Dallas Police Arrest Themselves for Stupidity

At least there’s an upside to this with this and the other offers the student is getting.

And Elon Musk wants to meet him. Zuckerberg also invited him to tour Facebook.

I’m glad this seems to have a happy ending for the boy.

I can’t wait for Fox News’ hot take.

“Next, on The Factor! Obama: confirmed Muslim who wants to blow up schools? Mark Zuckerberg, why do you hate America, the country that made you rich? And Elon Musk, we all know his Tesla “cars” are junk, but new studies suggest they could be something more sinister (stock footage of ISIS)”

Combined with the above police statement, it looks like the Powers That Be are genuinely convinced that there is something that they could say (but won’t because Illegal) that would massively change sentiment.

Now, of course, that doesn’t make them right, or any less un-justified, but I’m really curious at this point what their “trump card,” so-to-speak, is. Did the kid uppercut the first cop he saw while screaming “ALLAHU ACKBAR”?

I’m with most of you in assuming whatever it is they’ve got up their sleeve is trivial/meaningless, but even then, I’d love to hear it, just to have even more grounds to mock them :)

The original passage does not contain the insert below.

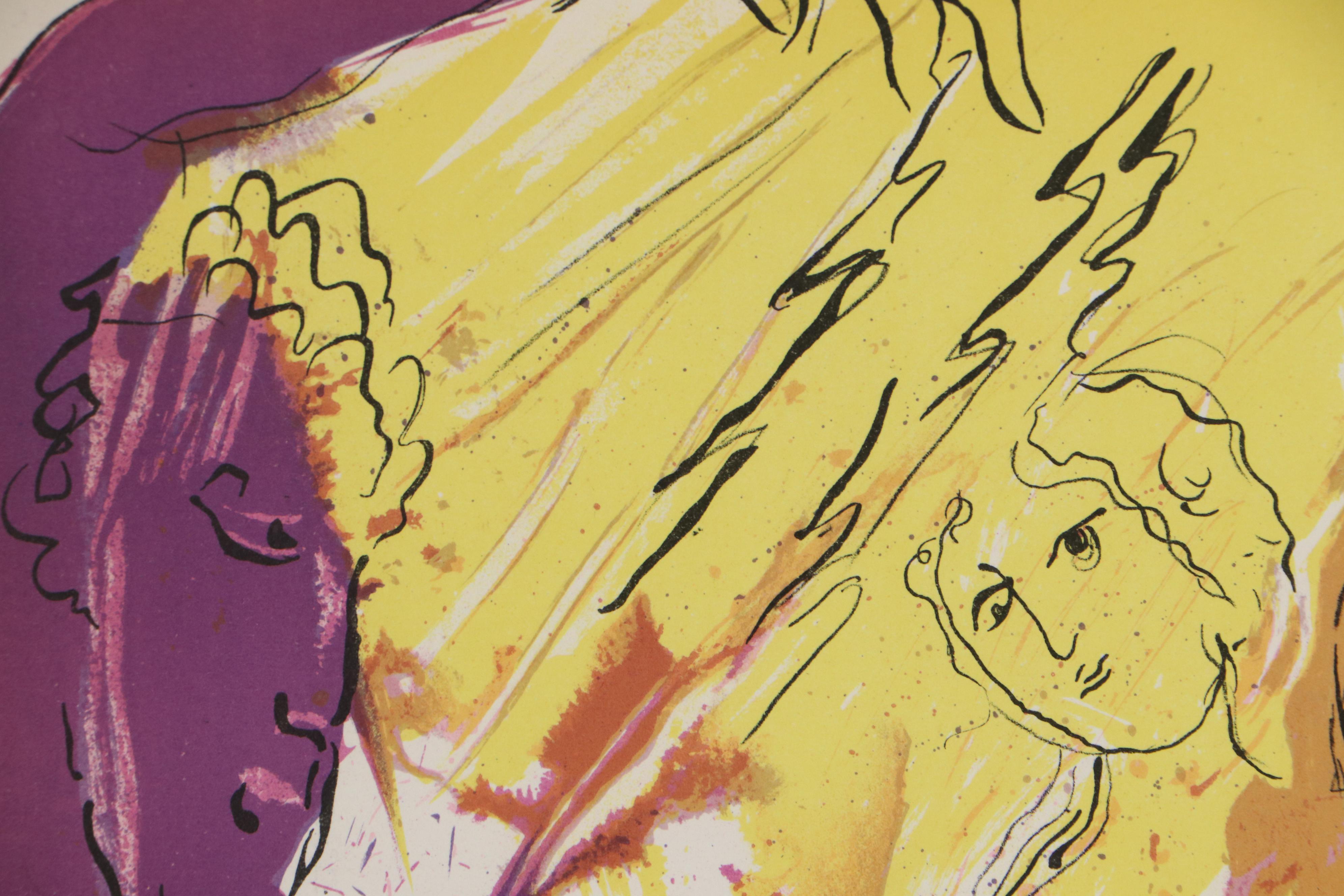 Marc Chagall Color Lithograph "Angel of Paradise"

Yup! I want to know how utterly inane their ‘explanation’ is, because it’s going to be a whopper. Do you think there is a chance they would be quiet if the kid had, as you joke, uppercutted the first officer?

Hell no. That shit would be plastered all over the news channels. They wouldn’t be ‘we can’t say anything yet out of respect to privacy’, though that’s actually the right thing to do. No, once the story turned against them so sharply that would get leaked like it was yesterday.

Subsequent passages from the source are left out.